Dans les corridors du congrès de l’AQECR

par Jean-Philippe Perreault, FTSR ULaval 19 novembre 2010 11:37

Les habitués le savent : des ateliers, des conférences, des plénières ne font pas un congrès. Les discussions de corridors, de salle à manger et de cocktails sont aussi des moments forts. J’en connais qui prétendent même que l’essentiel s’y trouve… 

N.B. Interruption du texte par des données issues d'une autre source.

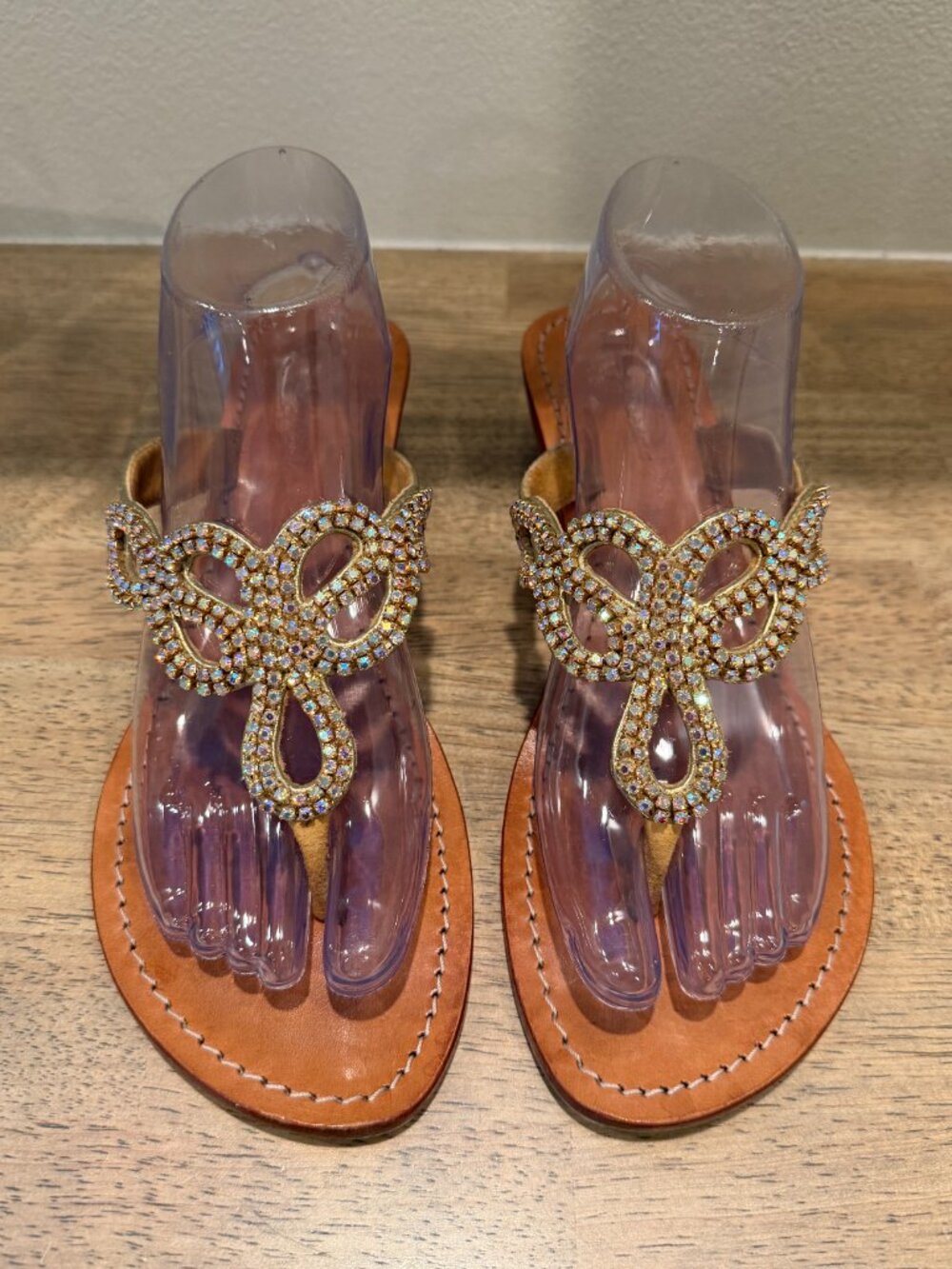 Tommy Bahama Metallic Gold Rhinestone Wedge Sandals 10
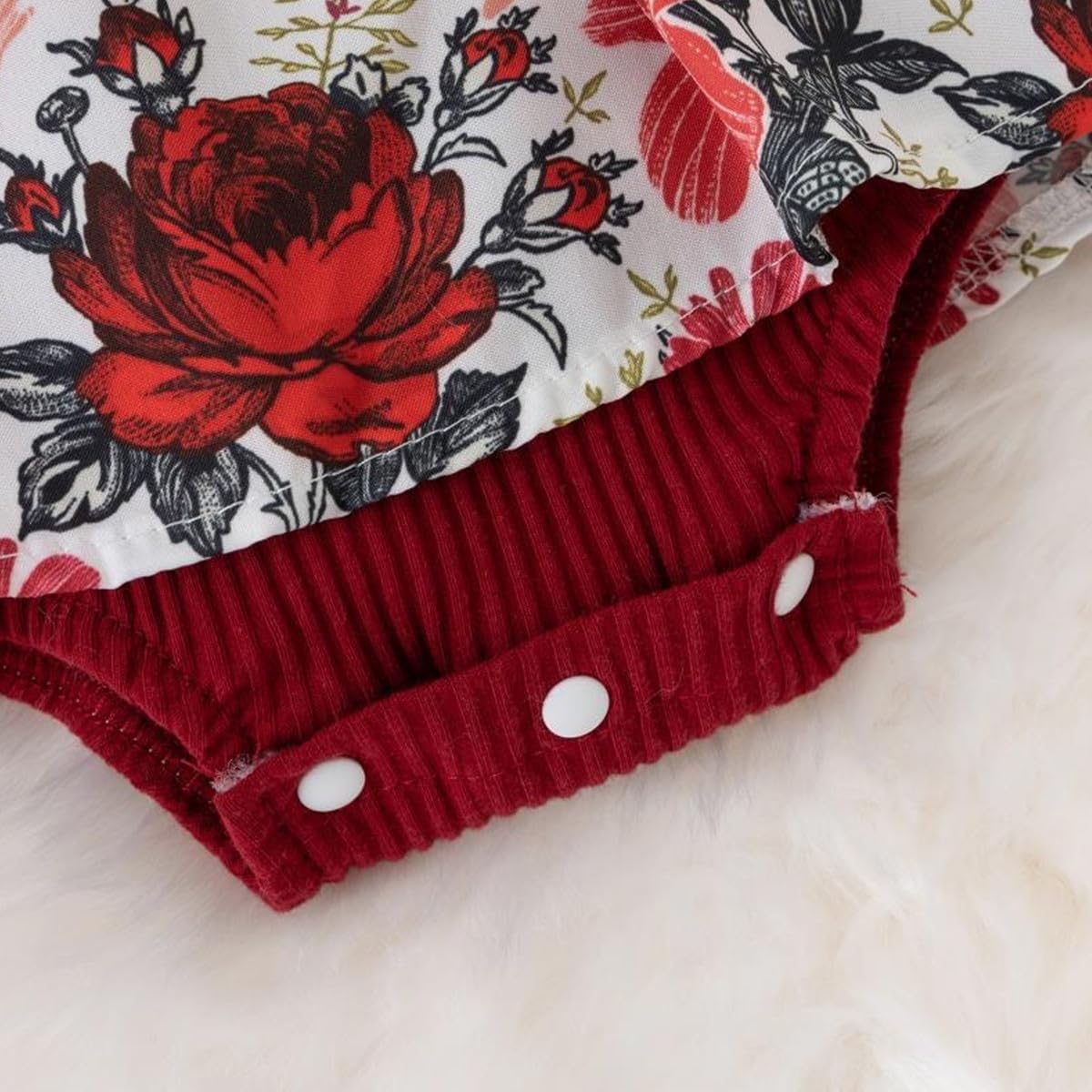 Newborn Baby Girl Romper Dresses Clothes Set Short Sleeve Floral Ruffle Bow Overall Bodysuit Onesie Floral Skirt Hem Outfit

Alors, qu’a-t-on entendu dans les couloirs du congrès de l’Association québécoise en éthique et culture religieuse (AQECR)? Les bons coups des uns, le plaisir d’enseigner des autres et les préoccupations qui les accompagnent, forcément. S’il est plutôt risqué d’identifier un sujet dominant, disons tout de même que les conditions d’enseignement ont été mises sur le tapis fleuri de l’hôtel Le Chanteclerc. Comme si après avoir apprivoisé les nouveautés introduites par le programme, voilà que les enseignants doivent composer avec un contexte scolaire dont nous connaissons trop bien la réalité. Pourtant. Alors que les moyens sont souvent en retard sur les ambitions, il a été possible d’entendre des récits où la créativité, le professionnalisme et la compréhension des finalités du programme font honneur à la profession.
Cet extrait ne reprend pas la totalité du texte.